■ Your task
Exactly as written, return the entries below, minus any pictures.

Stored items
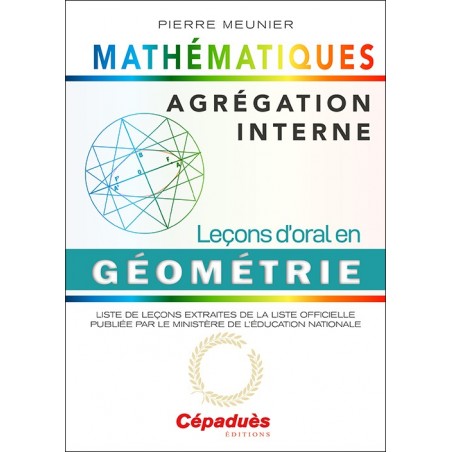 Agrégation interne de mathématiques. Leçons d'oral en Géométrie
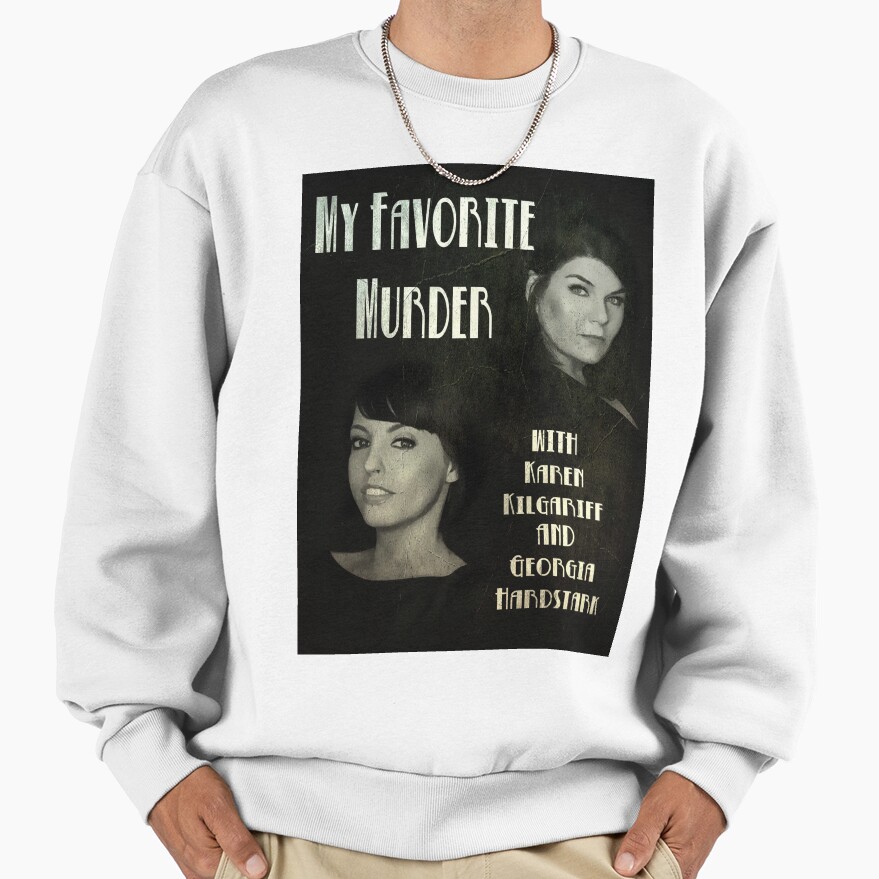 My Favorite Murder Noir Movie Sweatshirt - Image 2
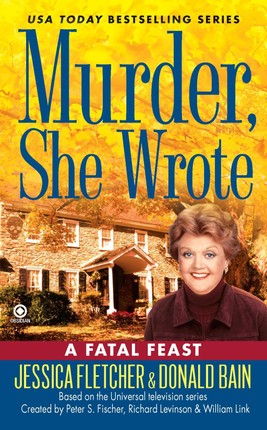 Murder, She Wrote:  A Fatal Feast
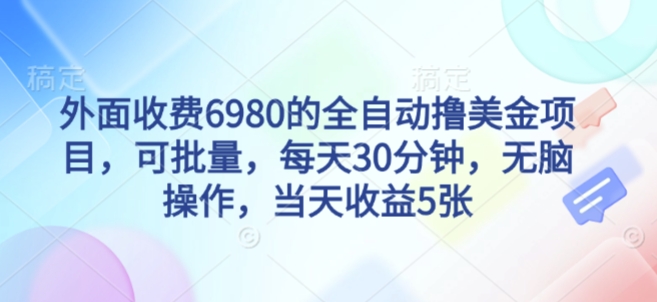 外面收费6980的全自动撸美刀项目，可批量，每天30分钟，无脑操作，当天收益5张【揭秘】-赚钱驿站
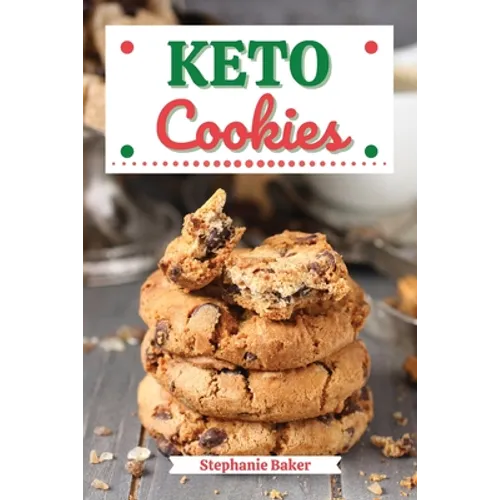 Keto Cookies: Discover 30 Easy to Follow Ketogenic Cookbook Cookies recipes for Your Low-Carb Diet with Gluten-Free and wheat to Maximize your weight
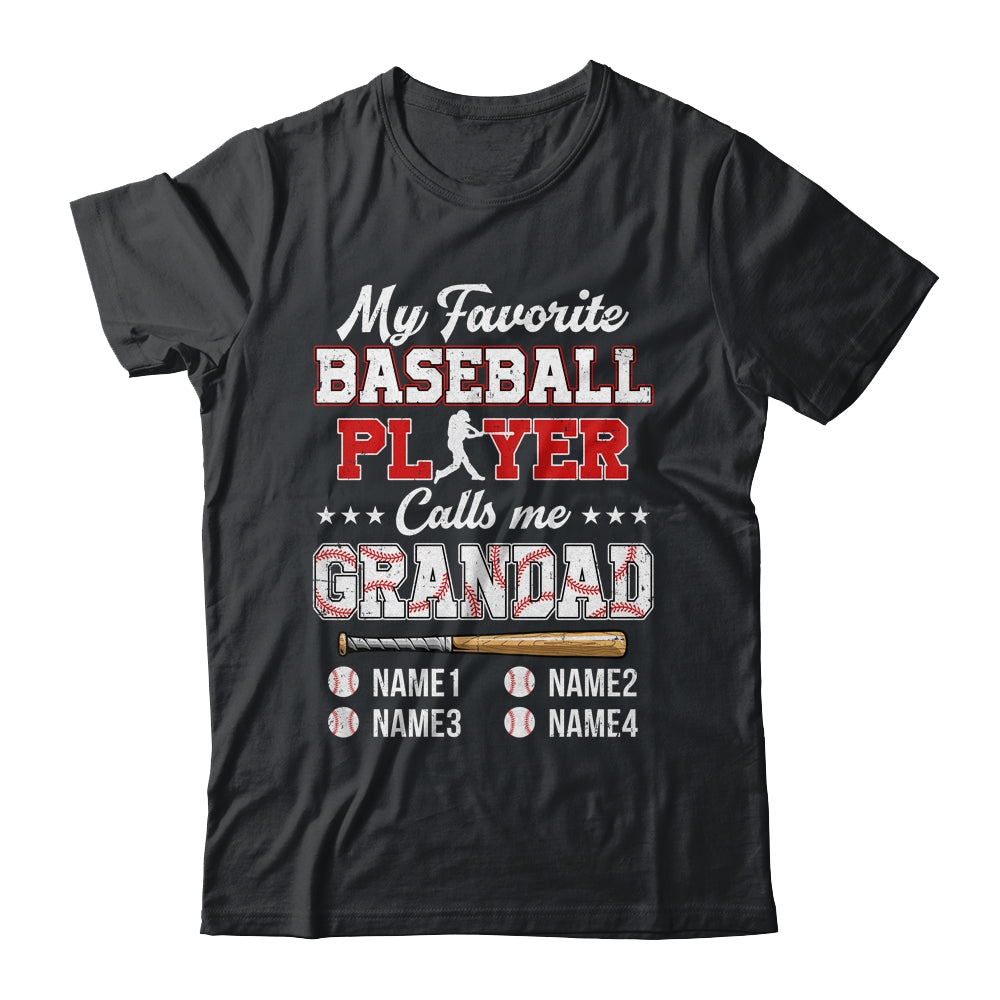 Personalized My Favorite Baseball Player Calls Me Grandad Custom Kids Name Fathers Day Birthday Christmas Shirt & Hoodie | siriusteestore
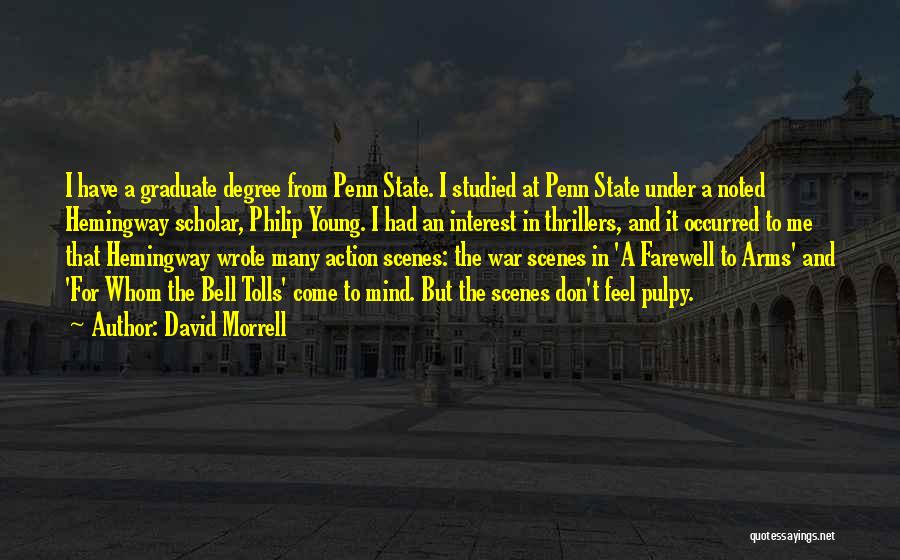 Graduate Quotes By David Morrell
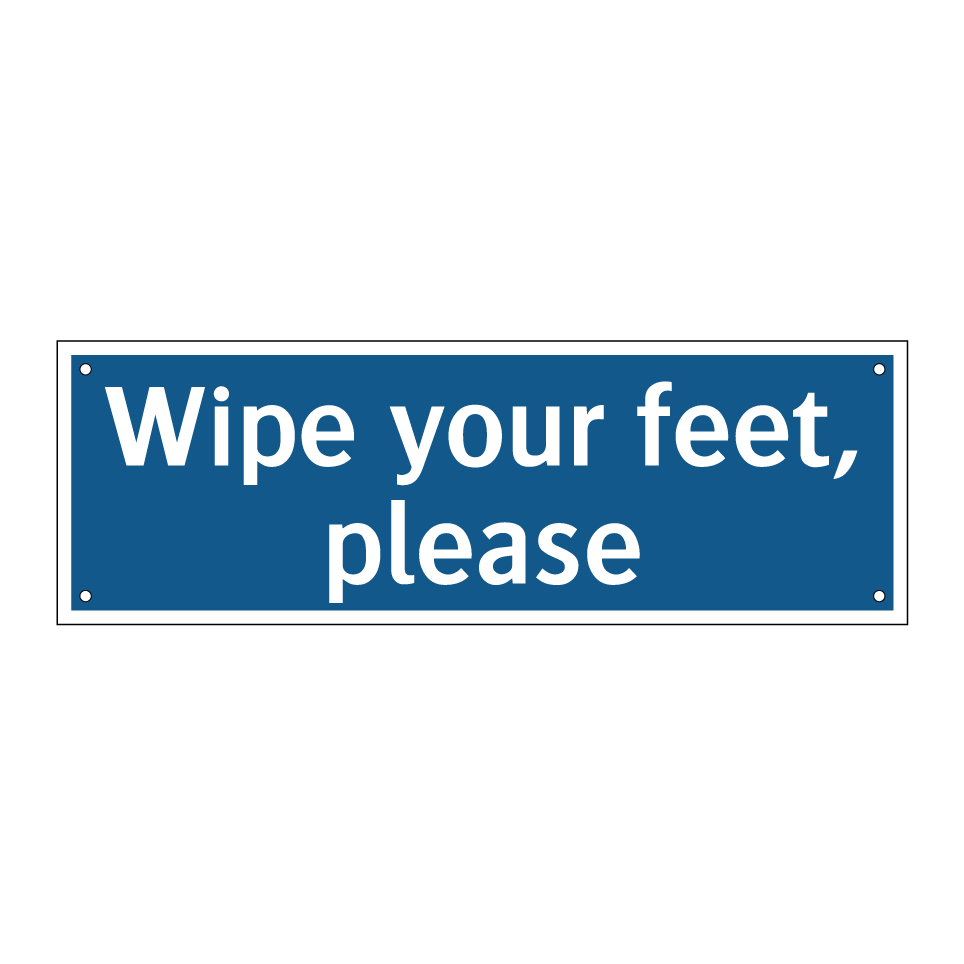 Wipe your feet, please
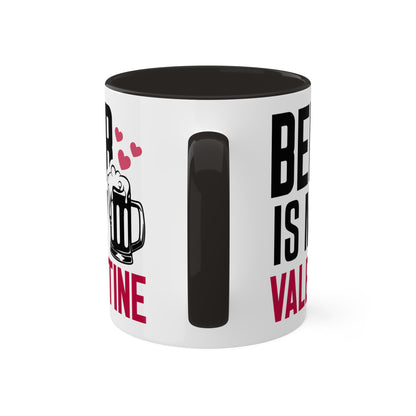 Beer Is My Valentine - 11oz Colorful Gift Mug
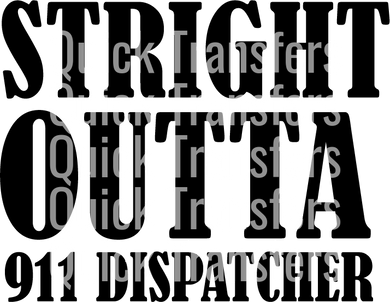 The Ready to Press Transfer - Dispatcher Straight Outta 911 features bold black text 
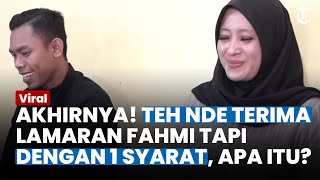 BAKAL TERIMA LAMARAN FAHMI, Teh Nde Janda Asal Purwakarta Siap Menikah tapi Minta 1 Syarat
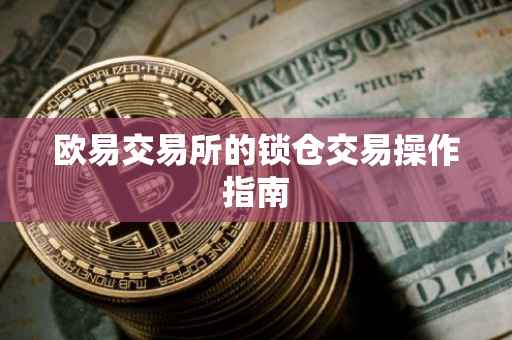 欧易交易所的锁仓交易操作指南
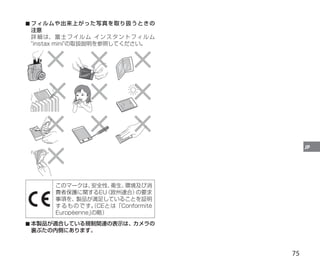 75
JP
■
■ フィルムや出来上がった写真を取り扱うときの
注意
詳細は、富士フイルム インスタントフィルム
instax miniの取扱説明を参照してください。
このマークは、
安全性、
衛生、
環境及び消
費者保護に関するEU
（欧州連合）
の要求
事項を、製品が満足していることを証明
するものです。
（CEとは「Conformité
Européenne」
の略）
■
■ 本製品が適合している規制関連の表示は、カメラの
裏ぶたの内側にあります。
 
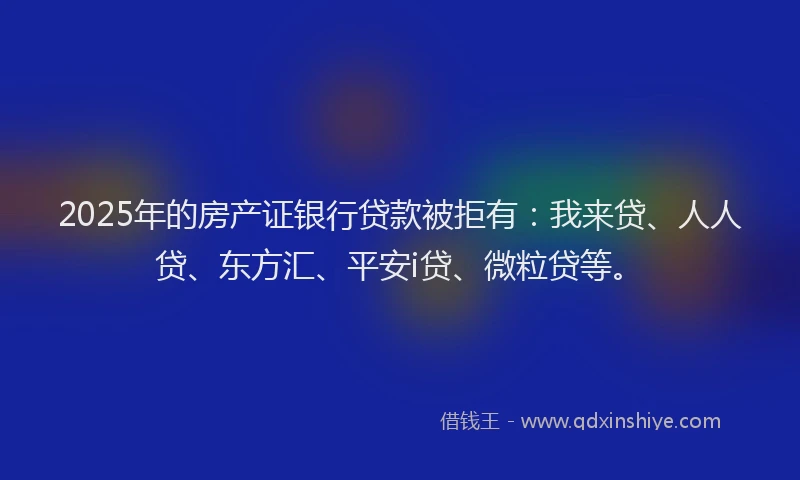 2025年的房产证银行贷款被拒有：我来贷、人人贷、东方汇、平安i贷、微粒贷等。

■ Your solution
 Agrégation interne de mathématiques. Leçons d'oral en Géométrie
 My Favorite Murder Noir Movie Sweatshirt - Image 2
 Murder, She Wrote:  A Fatal Feast
 外面收费6980的全自动撸美刀项目，可批量，每天30分钟，无脑操作，当天收益5张【揭秘】-赚钱驿站
 Keto Cookies: Discover 30 Easy to Follow Ketogenic Cookbook Cookies recipes for Your Low-Carb Diet with Gluten-Free and wheat to Maximize your weight
 Personalized My Favorite Baseball Player Calls Me Grandad Custom Kids Name Fathers Day Birthday Christmas Shirt & Hoodie | siriusteestore
 Graduate Quotes By David Morrell
 Wipe your feet, please
 Beer Is My Valentine - 11oz Colorful Gift Mug
 The Ready to Press Transfer - Dispatcher Straight Outta 911 features bold black text 
 BAKAL TERIMA LAMARAN FAHMI, Teh Nde Janda Asal Purwakarta Siap Menikah tapi Minta 1 Syarat
 欧易交易所的锁仓交易操作指南
 75
JP
■
■ フィルムや出来上がった写真を取り扱うときの
注意
詳細は、富士フイルム インスタントフィルム
instax miniの取扱説明を参照してください。
このマークは、
安全性、
衛生、
環境及び消
費者保護に関するEU
（欧州連合）
の要求
事項を、製品が満足していることを証明
するものです。
（CEとは「Conformité
Européenne」
の略）
■
■ 本製品が適合している規制関連の表示は、カメラの
裏ぶたの内側にあります。
 
 2025年的房产证银行贷款被拒有：我来贷、人人贷、东方汇、平安i贷、微粒贷等。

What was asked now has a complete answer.